Rabu, 02 Juni 2021

Inflasi tetap rendah meskipun Ramadhan, Idul Fitri mendorong permintaan makanan, transportasi


SEPUTARBERITA
Tingkat inflasi Indonesia meningkat pada bulan Mei baik secara tahunan maupun bulanan karena harga komoditas pangan dan jasa transportasi naik selama periode puncak belanja negara di bulan Ramadhan dan Idul Fitri. Harga konsumen naik 0,32 persen di bulan Mei, mengangkat inflasi tahunan menjadi 1,68 

persen, Badan Pusat Statistik (BPS) melaporkan pada hari Rabu. Sementara kenaikan bulanan lebih tinggi dari Mei 2020, inflasi headline tetap sangat rendah, jika dibandingkan misalnya dengan 2,19 persen yang terlihat tahun sebelumnya. “Ramadan dan Idul Fitri memberi Mei dominan musiman [efek pada inflasi AGENDOMINO

tahun ini],” Setianto, wakil sekretaris BPS untuk statistik jasa dan distribusi, mengatakan pada briefing online, Rabu.
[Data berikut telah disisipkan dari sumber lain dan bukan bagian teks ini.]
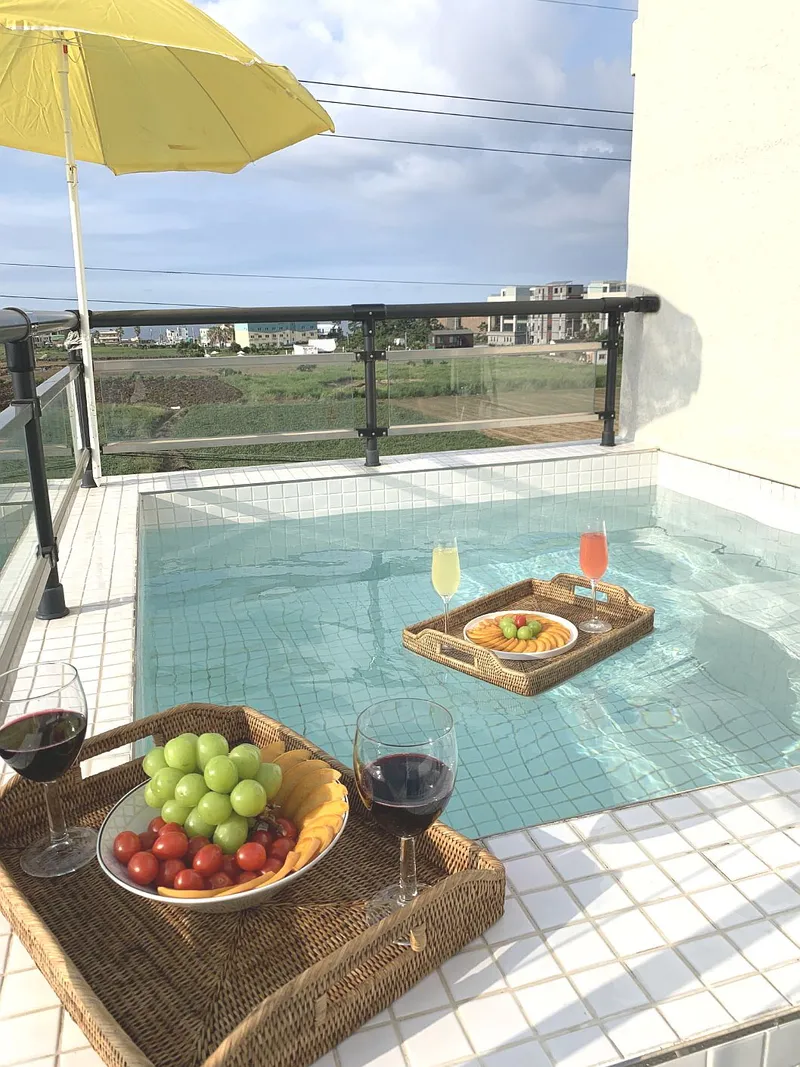 [Aewol, Jeju] A detached townhouse with a jacuzzi overlooking the nearby sea, coastal road 1 64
Jika kita melihat komoditas utama penyumbang inflasi, bahan makanan [menonjol] di antaranya, yang dibutuhkan masyarakat untuk memenuhi kebutuhan sehari-hari terkait puasa dan Idul 

Fitri, dan tarif angkutan penumpang naik.” Dengan orang-orang yang menerima bonus hari raya keagamaan dan belanja lebih dari biasanya karena Ramadhan dan Idul Fitri, Mei menandai tingkat inflasi bulanan dan tahunan tertinggi sepanjang tahun ini. Namun demikian, angka tersebut tetap lebih rendah Agen Poker 

dari tingkat pra-pandemi. Kelompok pengeluaran makanan, minuman dan tembakau memberikan kontribusi 0,10 poin persentase terhadap inflasi bulanan, didorong oleh kenaikan harga daging ayam, ikan segar, jeruk, minyak goreng dan daging sapi. Beberapa bahan makanan mengalami penurunan harga, seperti cabai merah dan cabai rawit.